In further exemplary embodiments of the present disclosure, a plurality of endothermic materials are incorporated into the same energy storage device/battery, wherein the constituent endothermic materials initiate their respective endothermic reactions at different temperatures. For example, sodium bicarbonate may be combined with ATH, (Al(0H)3 , aluminum trihydrate) to provide a dual response endothermic material/system according to the present disclosure. In such exemplary implementation, the sodium bicarbonate can be expected to begin absorbing energy and evolving gas slightly above 50°C, whereas ATH would not begin absorbing energy and evolving gas until the system temperature reached approximately 180-200°C. Thus, it is specifically contemplated according to the present disclosure that the endothermic material may be a single material or mixture of endothermic materials.

It should be noted that some materials have more than one decomposition temperature. For example, hydromagnesite referred to above as having a decomposition temperature starting in the range 220-240°C decomposes in steps: first by release of water of crystallization at about 220°C; then at about 330°C by breakdown of hydroxide ions to release more water; then at about 350°C to release carbon dioxide. However, these steps in decomposition are fixed and do not permit control of at what temperatures heat is absorbed and at what temperatures gas is generated.

By use of a mixture of two or more endothermic materials having different decomposition temperatures, the cooling effect can be controlled over a wider temperature range than with one material alone. The two or more endothermic materials may comprise one or more nongas generating endothermic materials in combination with one or more gas-generating materials.
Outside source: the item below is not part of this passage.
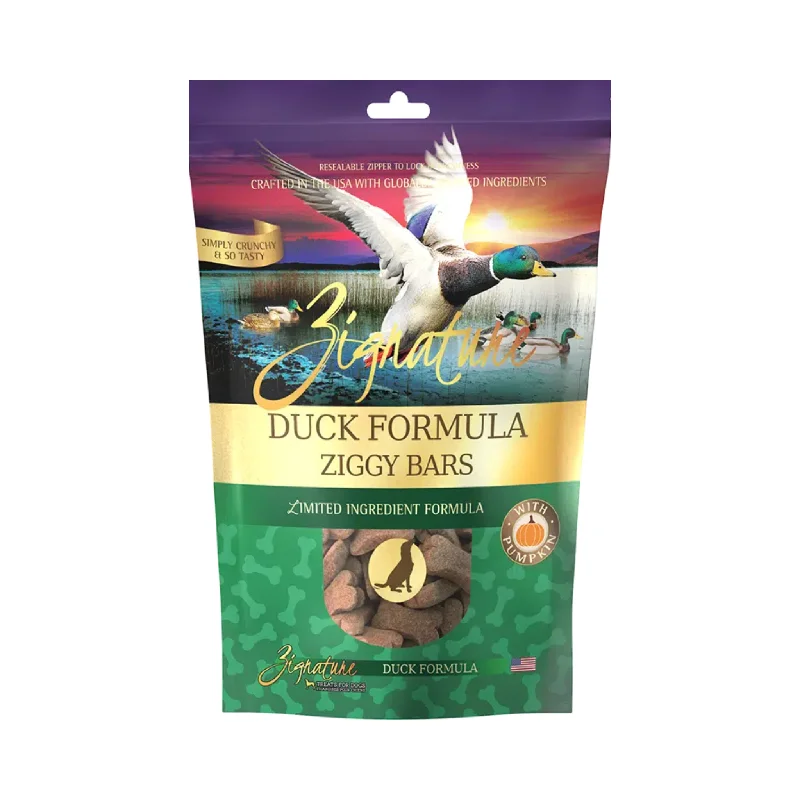- Food for sterilized dogsZignature Duck Ziggy Bars Biscuit Dog Treats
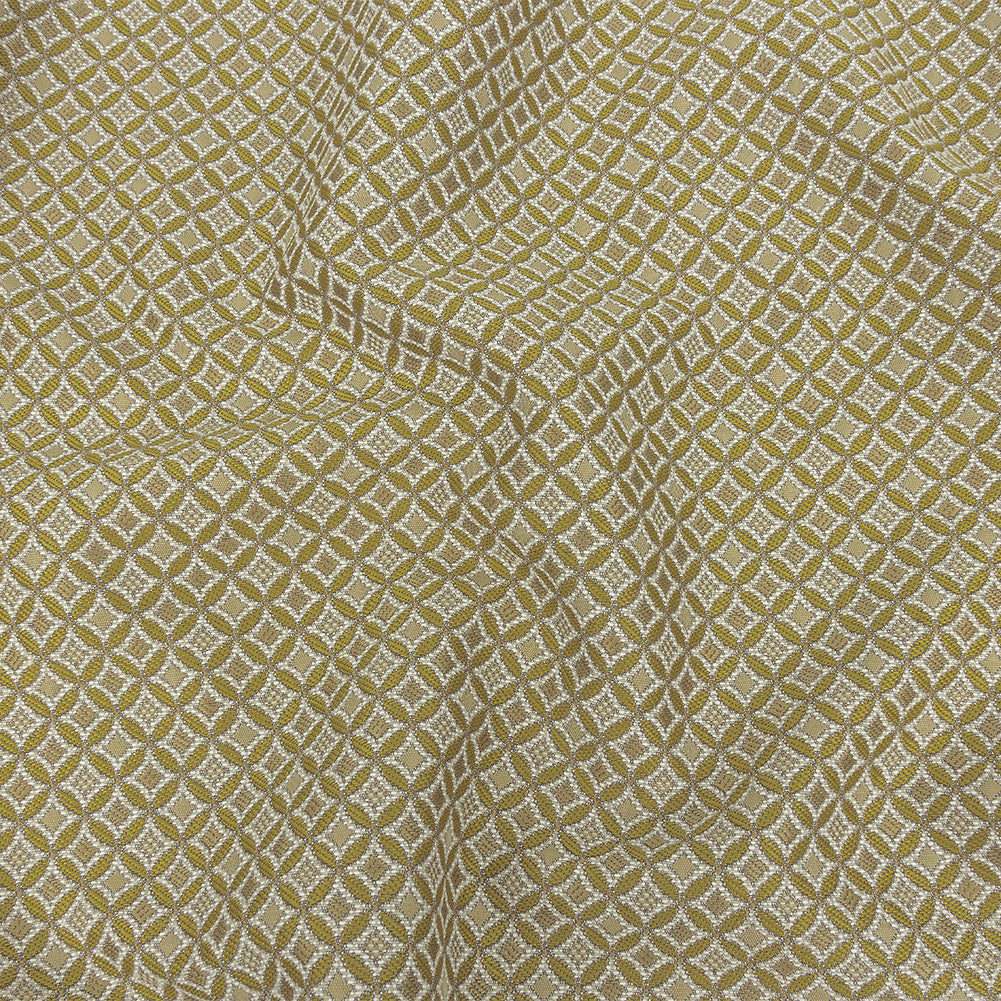 Gold Quatrefoil Blended Polyester Jacquard - Joann Fabrics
By use of a mixture of two or more endothermic materials evolving gas at different decomposition temperatures, the production of gas can be controlled over a wider temperature range than with one material alone. The number and nature of endothermic materials used can hence be tailored to give tailored heat absorption and gas evolution profiles. Such tailoring of heat absorption and gas evolution profiles by mixing different endothermic materials allows the control of the evolution of temperature and pressure to meet design requirements of the apparatus in which the material is used.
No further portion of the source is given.